Reducir un mundo tan complejo como el nuestro a conceptos dualistas me resulta irritante. Muy pocas cosas son blancas por completo o completamente negras. El fascismo parece ser el tono blanco de moda, ese que se quiere puro y libre de todo lo ajeno, que, al parecer, es lo oscuro. La respuesta ante este deleznable grupo de puretas está dejando que desear. Por parte de los políticos, por descontado. Por parte de los medios, por rancios y vendidos al mejor postor. Por parte de la sociedad, y esta es la peor de las partes, por incompetencia y rabia desatada.

Está de moda identificar y criticar comportamientos fascistas igual que está de moda la palabra fascismo. De pronto, en política, todo ha de situarse a un lado o al otro de esta difusa línea. ¡Es el fascismo, estúpido! El maldito determinismo copando nuestras reflexiones y nuestros análisis de la sociedad. Si preguntásemos a Marx, nos diría que el problema es la economía. Freud nos corregiría diciendo que es un simple caso de histeria tratable a través del subconsciente. Y aquí estamos nosotrxs, que creemos haber entendido los problemas del s.XX mientras seguimos reduciendo todo a fascismo sí o fascismo no. Si CDRs, fascismo en las calles; si políticos presos, fascismo en el estado; si me caes mal, fascista cabrón. Y así... 
Pero esperen, aún queda lo más gracioso. Cuando realmente nos encontramos de cara con él, nos quedamos callados, no vaya a ser que identificar el fascismo ante una audiencia de ocho millones de personas vaya a generar controversia.

La idea, la verdad, el pensamiento, son elementos móviles y desagradables que nos torturan a lo largo y ancho de la existencia. Solo al fijar una verdad parece que las tensas cuerdas del pensamiento se relajan. En esto se basa el progreso y el ansia de conocimiento. Pero, qué verdad debemos fijar, nos preguntamos. 

Para ciertos individuos con altura de miras y amplios recursos culturales, es decir, para los autodenominados intelectuales, esta tensión resulta útil. El ansia de verdades se presenta como un gran nicho de negocio del que obtener abundantes ganancias. Aspirantes a intelectuales se agolpan a las puertas de las bibliotecas en busca de ideas caducas que reutilizar en sus discursos. Desentierran estos profetas, ávidos de poder y reconocimiento, los más oscuros productos del pasado. Los discursos más atractivos para el público, los más mediáticos, los más podridos también. Quizás los únicos de los que, en definitiva, la hastiada masa social es capaz de alimentarse. Así, cuando las cosas no van bien, cuando el mundo real se tambalea, el intelectual de turno rebusca entre la basura. Es el momento adecuado, piensa. Ante el caos y la incertidumbre, la gente será capaz de tragar cualquier mierda que se les eche con tal de no perecer ante el abismo. 

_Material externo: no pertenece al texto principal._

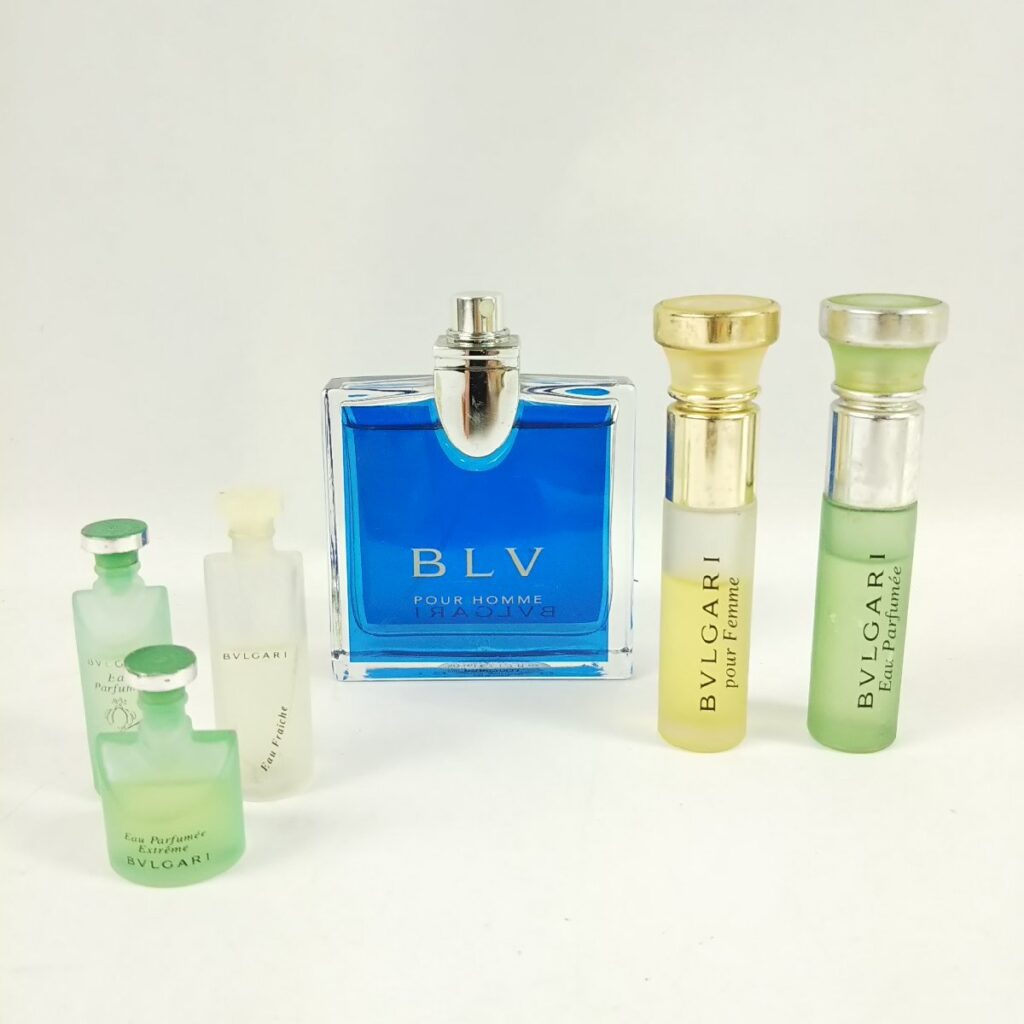 BVLGARI ブルガリ 香水いろいろまとめて ブルー プールオム EDT50ml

Solo necesitas una propuesta atractiva, una moral muy baja y un grupo de individuos desesperados para moldear la realidad social de un país. Con el tiempo y la masificación, las ideas desaparecen y queda un remanente de sentimientos. Una estructura mucho más fácil de vender. Una estructura inmensa pero inestable, que se tambalea peligrosamente de un lado al otro.

Ante la propagación de estas formas de pensamiento y de acción, pero también, frente al simplismo y el determinismo obcecado,  necesitamos herramientas que como individuos nos permitan defendernos de lo que hay ahí fuera. Bombardeos ideológicos, apelación al miedo y reclutamiento de los más indefensos. Comenzando en la escuela (y sin dejar de hacerlo a lo largo de nuestras vidas) debemos aprender a desarrollar la capacidad de análisis. Y no solo hemos de tener capacidad sino intención. Querer entender los complejos mecanismos que rigen una sociedad y actuar en consecuencia ha de ser la base sobre la que se asienten nuestras críticas. 

Sea frente el fascismo o frente a cualquiera de sus hermanos totalitaristas, señalar a diestro y siniestro será tan peligroso como obviar su existencia. Sin una identificación clara, estas ideas caducas seguirán correteando por nuestras calles. Cómodas, saltando de cabeza en cabeza, sin miedo a ser descubiertas.